Below is a listing; print exactly its lines from the one containing "Let The Good" down to the one containing "Berkley Square 1063008", both inclusive, with every picture left out.

* _The records_:
______________________________

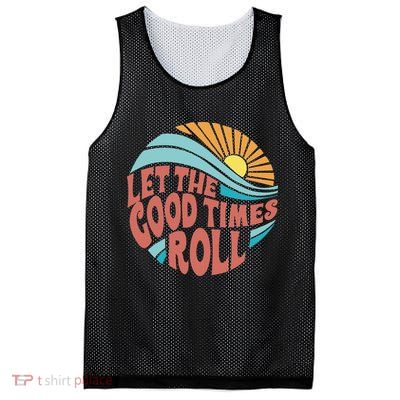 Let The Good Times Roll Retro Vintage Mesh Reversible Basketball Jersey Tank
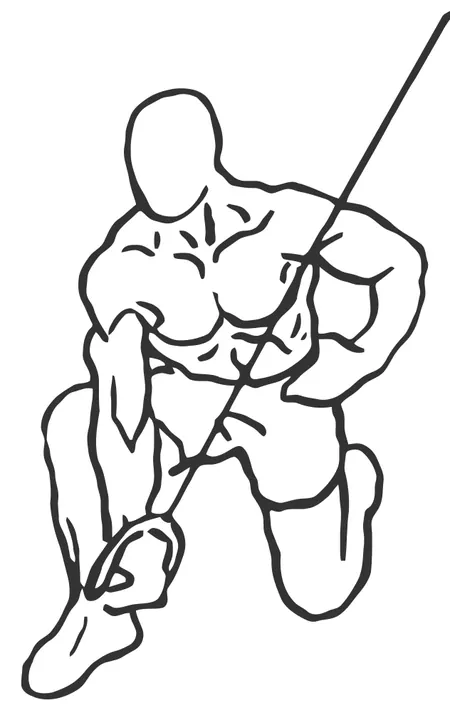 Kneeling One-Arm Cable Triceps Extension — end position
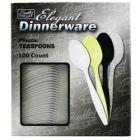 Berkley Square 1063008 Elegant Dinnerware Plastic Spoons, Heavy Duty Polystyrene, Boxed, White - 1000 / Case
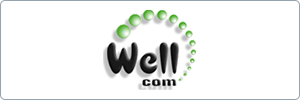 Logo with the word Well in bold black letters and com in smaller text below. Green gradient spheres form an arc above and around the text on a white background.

______________________________

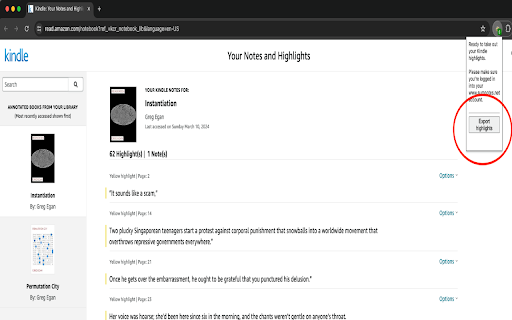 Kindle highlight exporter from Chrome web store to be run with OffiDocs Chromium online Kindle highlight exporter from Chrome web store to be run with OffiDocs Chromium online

______________________________

* _Solution to the problem_:
 Let The Good Times Roll Retro Vintage Mesh Reversible Basketball Jersey Tank
 Kneeling One-Arm Cable Triceps Extension — end position
 Berkley Square 1063008 Elegant Dinnerware Plastic Spoons, Heavy Duty Polystyrene, Boxed, White - 1000 / Case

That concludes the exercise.